Are men in large numbers prepared to geek out along with Ms. Castiglioni’s girl posse? That remains to be seen; Marni is a distinctly specialized taste. Likely, though, when her clothes reach stores, some of the more outré styling elements will have fallen away and consumers will be left with things like finely proportioned shorts and trousers that are more consistent with current trends among the cool dudes of Tokyo and Seoul, South Korea, than much in Italian design. They will also have an opportunity to buy some of her sling-back sandals made from what look like inner tubes — Marni’s answer to Crocs.

It’s worth noting here that weird footgear has become a leitmotif in men’s fashion. Everyone seems to produce it now except shoe companies. First out were the fur-lined, snaffle-bit slip-ons that became the first runaway hit for Alessandro Michele after he took over as Gucci’s creative director. Then there were the platform-soled espadrilles Prada sold so briskly you could never find them in stock. Now, in a play made by Mauro Ravizza Krieger, creative director of the Italian tailoring house Pal Zileri, we have another appealing stunt shoe of a type that I have never seen before.

It is amazing, given the sheer laziness of most men, that it took someone this long to come up with a pair of backless slip-on brogues. The shoes were a memorable foundation on which to build an otherwise uninspiring apparel collection. If they catch on, as it seems likely, there will be joy in the halls of Mayhoola for Investments, the Qatar-based investor group that bought a majority stake in Pal Zileri in 2014 (after paying $850 million for Valentino two years earlier).

The sartorial indecision worked into concepts like athleisure or business casual are not likely to vanish anytime soon. Why not have a pair of shoes that looks from the front like dad’s formal lace-ups but that you can kick off as easily as shower shoes?

Why not take that notion a step further by designing a suit whose trousers are, in actuality, a form of tailored track pants; or pair floaty skimmer coats as billowing as a spinnaker with form-fitting biker pants; or show lightweight structured suits with no shirts beneath them; or anoraks over pajamas you can wear while making your deals on the phone, just like Howard Hughes used to do?

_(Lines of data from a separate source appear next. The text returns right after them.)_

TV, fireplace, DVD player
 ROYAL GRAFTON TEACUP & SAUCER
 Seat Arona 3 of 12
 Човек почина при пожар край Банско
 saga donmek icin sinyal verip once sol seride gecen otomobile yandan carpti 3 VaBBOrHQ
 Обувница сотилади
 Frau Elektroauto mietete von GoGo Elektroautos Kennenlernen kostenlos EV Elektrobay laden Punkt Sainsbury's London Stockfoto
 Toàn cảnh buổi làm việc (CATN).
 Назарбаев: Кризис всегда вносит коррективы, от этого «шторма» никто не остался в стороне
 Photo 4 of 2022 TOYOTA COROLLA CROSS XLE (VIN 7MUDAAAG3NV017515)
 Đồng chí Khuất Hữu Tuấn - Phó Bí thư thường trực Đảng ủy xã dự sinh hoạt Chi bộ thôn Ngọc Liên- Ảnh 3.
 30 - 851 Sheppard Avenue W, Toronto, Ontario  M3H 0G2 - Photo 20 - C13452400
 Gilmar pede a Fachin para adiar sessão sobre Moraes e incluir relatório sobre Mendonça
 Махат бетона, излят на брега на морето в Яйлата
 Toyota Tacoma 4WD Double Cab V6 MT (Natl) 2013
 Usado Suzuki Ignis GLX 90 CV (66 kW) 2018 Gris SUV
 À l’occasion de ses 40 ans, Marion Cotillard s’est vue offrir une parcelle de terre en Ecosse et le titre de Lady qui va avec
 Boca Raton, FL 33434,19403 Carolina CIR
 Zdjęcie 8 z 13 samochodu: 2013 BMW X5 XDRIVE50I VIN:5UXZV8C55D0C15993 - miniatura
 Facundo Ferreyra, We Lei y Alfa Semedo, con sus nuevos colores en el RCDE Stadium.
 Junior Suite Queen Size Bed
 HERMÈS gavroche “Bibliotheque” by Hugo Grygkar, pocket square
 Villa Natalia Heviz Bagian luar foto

These elements went into a collection Donatella Versace presented on Saturday afternoon, one of her finest in recent seasons, a show memorable as much for the invitation it extended to reflect on continuity, community and survival as for anything she sent onto the runway. Less than a week after the mass murder at Pulse, the Latin and gay dance club in Orlando, Fla., a designer whose brother was shot to death 19 years ago next month on his Miami Beach doorstep chose to open her presentation by screening a short video commissioned from Bruce Weber on the subject of Chicago.

By now most people are aware that surging gun violence in that great and benighted Midwestern city has driven deaths there to record numbers. During the first quarter of this year, Chicago recorded 141 homicides; according to police data, the city is on track to record more than 500 killings in 2016. Despite the dire statistics, both the film and the show telegraphed a different message, one of belief and optimism that, in Ms. Versace’s case, is truly hard-won.

Whatever else anyone has to say about her, no one can dispute that Donatella Versace has kept the faith.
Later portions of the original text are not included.